Published: Sunday, March 11 2012 11:15 a.m. MDT

In this March 8, 2012 photo, Norwich University professor Peter Stephenson, the director of Norwich’s Center for Advanced Computing and Digital Forensics, works on computers in Northfield, Vt. Deep in the bowels of a building on the campus of the nation’s oldest private military academy, students from across the globe are being taught to fight the war of the future. In a six-week seminar nearing its end, students take turns building and defending computer networks, attacking one or monitoring the operation. The technical training is only a part of the skills needed to protect computer networks from probes that could allow an attacker full access to a target computer.

Toby Talbot, Associated Press

NORTHFIELD, Vt. — Deep in the bowels of a building at Norwich University in Northfield, students are being taught to fight the war of the future.

The mock battles are on computers. Students are learning to protect communications networks from cyber-attacks.

Such cyber war games are well-established between schools in the United States.

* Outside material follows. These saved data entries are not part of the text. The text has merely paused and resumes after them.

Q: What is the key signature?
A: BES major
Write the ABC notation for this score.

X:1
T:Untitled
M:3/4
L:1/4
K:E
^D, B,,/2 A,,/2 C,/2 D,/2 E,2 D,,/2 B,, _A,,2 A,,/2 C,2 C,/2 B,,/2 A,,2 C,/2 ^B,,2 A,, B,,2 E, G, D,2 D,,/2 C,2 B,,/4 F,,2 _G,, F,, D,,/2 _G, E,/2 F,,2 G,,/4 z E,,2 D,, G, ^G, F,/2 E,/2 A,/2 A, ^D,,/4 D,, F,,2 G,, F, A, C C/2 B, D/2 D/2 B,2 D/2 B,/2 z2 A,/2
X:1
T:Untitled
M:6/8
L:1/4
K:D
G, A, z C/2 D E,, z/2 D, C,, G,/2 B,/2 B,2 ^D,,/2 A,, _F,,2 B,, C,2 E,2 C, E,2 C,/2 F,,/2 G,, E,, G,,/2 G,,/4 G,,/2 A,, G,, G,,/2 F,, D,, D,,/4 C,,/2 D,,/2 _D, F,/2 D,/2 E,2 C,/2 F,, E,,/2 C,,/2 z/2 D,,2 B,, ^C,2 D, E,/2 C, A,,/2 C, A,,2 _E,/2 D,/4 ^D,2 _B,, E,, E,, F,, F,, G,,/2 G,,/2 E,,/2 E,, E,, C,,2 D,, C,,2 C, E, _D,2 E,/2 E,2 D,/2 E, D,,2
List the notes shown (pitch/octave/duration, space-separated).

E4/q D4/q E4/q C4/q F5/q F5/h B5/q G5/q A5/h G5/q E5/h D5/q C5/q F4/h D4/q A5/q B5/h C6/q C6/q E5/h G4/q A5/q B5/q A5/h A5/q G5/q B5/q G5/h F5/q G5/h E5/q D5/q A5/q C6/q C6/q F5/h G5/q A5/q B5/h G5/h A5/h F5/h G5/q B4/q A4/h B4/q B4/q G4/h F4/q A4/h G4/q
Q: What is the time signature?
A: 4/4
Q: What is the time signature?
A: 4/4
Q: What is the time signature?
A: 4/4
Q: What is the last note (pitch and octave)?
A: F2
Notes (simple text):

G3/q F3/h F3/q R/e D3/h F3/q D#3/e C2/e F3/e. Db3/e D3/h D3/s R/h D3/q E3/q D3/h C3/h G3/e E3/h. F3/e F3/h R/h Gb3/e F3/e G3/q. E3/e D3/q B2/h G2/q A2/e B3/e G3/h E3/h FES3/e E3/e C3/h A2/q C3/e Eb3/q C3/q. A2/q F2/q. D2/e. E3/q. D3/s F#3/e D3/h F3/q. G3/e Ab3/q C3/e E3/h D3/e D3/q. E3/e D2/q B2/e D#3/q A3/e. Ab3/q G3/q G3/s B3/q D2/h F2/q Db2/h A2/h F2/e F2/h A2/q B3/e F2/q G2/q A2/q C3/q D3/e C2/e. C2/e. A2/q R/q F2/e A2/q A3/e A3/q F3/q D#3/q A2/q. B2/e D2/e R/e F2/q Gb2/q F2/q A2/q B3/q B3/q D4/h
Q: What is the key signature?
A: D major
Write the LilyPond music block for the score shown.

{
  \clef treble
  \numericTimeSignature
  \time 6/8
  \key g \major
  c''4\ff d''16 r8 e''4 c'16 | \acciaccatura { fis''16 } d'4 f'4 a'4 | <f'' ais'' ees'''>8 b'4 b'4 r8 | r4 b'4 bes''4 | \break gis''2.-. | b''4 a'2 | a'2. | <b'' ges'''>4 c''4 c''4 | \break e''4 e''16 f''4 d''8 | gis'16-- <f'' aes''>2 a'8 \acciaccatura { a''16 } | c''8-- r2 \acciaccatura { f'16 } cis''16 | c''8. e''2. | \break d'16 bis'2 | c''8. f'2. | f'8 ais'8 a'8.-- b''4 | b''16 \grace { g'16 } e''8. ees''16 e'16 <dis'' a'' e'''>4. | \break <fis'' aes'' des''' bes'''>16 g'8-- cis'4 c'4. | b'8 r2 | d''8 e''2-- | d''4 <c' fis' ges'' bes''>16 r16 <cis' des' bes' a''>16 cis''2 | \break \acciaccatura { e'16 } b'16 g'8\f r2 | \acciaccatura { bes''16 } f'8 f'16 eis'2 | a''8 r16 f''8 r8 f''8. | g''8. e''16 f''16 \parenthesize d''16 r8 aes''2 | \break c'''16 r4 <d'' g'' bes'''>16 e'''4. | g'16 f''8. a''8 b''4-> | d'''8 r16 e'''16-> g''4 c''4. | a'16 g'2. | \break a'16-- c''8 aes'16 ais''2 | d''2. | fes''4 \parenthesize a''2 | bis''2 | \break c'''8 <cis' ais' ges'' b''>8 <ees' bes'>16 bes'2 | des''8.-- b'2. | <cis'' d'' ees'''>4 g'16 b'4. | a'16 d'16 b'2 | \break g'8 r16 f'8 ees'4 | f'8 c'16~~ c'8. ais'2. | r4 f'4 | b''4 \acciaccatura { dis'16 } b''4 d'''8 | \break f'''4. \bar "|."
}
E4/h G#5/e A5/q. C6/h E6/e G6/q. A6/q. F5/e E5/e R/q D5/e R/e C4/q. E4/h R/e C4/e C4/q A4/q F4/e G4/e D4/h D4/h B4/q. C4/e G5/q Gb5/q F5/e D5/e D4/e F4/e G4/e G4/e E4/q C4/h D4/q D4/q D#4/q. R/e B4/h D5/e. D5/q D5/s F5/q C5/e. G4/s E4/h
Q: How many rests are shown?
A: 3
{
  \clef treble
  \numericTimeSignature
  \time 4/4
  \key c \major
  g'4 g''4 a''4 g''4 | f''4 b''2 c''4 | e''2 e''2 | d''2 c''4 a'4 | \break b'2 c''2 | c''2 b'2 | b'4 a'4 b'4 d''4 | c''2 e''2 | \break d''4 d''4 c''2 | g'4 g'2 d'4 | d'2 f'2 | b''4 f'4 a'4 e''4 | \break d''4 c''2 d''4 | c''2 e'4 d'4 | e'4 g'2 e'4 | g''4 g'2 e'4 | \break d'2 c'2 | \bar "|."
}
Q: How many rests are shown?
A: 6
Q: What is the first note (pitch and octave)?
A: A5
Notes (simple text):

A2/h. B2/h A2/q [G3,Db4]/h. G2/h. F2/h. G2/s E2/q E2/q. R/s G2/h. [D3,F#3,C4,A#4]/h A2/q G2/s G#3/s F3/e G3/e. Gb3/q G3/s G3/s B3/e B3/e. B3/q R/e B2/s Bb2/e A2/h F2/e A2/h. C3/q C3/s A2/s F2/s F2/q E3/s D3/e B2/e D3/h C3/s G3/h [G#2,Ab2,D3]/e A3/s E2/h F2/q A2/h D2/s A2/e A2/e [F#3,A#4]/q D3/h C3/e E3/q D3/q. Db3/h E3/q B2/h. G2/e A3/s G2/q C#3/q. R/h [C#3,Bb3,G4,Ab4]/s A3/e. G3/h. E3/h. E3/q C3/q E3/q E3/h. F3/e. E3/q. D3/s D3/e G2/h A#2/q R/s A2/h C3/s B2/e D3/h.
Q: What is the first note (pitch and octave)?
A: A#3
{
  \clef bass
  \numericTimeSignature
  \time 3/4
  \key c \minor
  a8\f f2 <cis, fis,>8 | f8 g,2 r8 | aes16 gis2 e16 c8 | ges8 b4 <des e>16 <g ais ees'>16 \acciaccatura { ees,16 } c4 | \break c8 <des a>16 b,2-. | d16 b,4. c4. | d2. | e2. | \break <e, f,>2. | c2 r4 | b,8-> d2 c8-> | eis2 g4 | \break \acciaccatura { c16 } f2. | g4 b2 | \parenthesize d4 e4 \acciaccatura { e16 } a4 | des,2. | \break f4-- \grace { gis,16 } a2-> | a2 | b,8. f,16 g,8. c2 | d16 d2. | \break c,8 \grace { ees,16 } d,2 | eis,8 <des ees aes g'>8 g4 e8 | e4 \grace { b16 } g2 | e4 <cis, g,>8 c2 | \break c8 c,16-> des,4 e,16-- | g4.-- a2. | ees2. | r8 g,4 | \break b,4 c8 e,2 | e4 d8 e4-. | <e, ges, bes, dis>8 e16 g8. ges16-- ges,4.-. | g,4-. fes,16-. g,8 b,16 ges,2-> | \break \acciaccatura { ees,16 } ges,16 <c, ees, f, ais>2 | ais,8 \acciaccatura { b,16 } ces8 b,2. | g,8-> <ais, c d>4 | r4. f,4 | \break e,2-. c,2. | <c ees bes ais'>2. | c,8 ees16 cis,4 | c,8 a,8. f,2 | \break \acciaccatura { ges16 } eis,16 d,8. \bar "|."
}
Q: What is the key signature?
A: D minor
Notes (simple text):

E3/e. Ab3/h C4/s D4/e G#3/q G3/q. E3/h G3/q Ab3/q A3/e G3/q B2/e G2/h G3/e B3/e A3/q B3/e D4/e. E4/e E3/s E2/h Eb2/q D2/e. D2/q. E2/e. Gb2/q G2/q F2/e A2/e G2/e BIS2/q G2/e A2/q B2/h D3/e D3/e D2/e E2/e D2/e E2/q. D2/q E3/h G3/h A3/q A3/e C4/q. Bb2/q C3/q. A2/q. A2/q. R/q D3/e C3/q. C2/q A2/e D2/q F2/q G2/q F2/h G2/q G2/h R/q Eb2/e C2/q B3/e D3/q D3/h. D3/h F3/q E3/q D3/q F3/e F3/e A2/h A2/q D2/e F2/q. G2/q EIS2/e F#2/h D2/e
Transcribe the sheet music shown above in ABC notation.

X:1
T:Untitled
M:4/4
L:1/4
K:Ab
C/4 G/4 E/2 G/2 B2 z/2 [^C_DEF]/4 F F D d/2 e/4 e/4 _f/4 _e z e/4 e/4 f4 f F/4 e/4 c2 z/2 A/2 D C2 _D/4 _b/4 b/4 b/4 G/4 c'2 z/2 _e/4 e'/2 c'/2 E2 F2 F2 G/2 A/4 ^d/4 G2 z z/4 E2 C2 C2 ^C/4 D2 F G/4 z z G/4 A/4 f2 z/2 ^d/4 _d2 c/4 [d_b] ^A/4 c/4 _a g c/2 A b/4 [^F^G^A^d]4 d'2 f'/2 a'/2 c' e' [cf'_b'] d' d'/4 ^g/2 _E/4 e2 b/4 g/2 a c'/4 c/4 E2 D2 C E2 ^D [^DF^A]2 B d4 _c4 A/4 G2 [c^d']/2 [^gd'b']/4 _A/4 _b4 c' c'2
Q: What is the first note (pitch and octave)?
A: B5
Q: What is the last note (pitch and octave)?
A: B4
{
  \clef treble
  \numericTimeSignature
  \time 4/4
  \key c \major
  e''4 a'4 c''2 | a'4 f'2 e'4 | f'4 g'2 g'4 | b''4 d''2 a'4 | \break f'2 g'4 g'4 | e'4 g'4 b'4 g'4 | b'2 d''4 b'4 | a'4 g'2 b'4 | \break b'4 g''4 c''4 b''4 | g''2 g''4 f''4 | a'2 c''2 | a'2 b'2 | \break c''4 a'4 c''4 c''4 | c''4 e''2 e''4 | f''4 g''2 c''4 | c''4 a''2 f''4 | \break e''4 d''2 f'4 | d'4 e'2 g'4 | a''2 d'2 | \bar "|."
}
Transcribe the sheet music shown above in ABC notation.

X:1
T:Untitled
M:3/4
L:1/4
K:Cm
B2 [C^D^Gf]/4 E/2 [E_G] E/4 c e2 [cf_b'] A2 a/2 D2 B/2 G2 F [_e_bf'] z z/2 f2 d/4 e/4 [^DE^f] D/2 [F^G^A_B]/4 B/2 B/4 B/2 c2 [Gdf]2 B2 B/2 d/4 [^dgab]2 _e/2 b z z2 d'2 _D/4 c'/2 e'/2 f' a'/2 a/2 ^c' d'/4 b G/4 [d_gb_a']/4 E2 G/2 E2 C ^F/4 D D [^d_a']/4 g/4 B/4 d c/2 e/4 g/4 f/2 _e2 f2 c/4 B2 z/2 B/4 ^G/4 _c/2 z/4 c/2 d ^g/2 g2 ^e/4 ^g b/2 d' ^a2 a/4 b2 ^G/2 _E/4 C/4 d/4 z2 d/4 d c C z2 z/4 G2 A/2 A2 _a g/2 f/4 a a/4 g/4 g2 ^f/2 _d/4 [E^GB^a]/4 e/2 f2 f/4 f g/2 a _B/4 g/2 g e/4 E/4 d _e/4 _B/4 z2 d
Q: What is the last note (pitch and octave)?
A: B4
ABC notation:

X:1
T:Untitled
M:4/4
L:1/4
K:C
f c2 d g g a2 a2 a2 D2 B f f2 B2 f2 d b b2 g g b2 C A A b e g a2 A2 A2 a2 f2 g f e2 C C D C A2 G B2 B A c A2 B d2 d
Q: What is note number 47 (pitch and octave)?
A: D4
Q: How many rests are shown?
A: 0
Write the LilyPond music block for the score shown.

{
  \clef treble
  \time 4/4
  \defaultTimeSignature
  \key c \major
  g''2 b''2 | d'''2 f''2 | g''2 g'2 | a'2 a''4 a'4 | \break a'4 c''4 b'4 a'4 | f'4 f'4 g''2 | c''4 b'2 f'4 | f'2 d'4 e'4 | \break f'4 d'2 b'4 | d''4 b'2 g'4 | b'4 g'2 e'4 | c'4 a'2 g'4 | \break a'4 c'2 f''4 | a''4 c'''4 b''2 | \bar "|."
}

Norwich has added a new twist: One of the other teams is from Macedonia and another from Oman.

This semester is the first time Norwich is working with the overseas schools.

In a six-week seminar nearing its end, students take turns building and defending computer networks, attacking one or monitoring the operation.

Norwich junior Jacob Evans of Tuftonboro, N.H., says the international war games add an element of authenticity to the process.